(Records from a collection)
Content starts

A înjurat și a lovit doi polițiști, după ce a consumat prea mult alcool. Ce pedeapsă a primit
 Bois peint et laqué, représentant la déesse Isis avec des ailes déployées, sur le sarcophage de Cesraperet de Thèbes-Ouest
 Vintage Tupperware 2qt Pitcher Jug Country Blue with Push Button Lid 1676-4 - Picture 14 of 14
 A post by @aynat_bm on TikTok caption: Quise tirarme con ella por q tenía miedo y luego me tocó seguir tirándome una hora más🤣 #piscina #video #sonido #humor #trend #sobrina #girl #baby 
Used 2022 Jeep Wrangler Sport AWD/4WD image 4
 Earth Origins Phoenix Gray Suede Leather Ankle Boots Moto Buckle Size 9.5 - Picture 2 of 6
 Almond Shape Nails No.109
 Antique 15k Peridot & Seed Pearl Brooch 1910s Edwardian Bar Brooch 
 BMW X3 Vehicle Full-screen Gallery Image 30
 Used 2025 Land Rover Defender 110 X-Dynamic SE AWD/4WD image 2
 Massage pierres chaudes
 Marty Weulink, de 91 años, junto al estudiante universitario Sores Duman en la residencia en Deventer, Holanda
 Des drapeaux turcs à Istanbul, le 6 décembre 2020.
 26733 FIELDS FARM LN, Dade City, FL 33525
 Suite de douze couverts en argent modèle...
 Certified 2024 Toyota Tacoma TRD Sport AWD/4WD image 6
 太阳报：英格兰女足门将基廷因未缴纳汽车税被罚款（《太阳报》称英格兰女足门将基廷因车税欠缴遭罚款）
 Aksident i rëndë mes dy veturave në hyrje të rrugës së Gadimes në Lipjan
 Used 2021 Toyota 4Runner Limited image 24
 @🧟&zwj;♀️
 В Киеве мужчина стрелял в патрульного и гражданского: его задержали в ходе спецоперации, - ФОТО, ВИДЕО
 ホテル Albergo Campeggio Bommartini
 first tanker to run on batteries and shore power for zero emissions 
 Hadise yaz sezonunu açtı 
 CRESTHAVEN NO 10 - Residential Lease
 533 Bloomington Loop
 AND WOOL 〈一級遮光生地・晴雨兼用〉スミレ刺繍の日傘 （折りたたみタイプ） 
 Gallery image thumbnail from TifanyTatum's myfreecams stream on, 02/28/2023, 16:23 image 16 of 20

Content ends

:: TASK PROMPT ::
Where does the string "Sport" appear in the records? Copy every line that holds it.

:: YOUR SOLUTION ::
Used 2022 Jeep Wrangler Sport AWD/4WD image 4
 Certified 2024 Toyota Tacoma TRD Sport AWD/4WD image 6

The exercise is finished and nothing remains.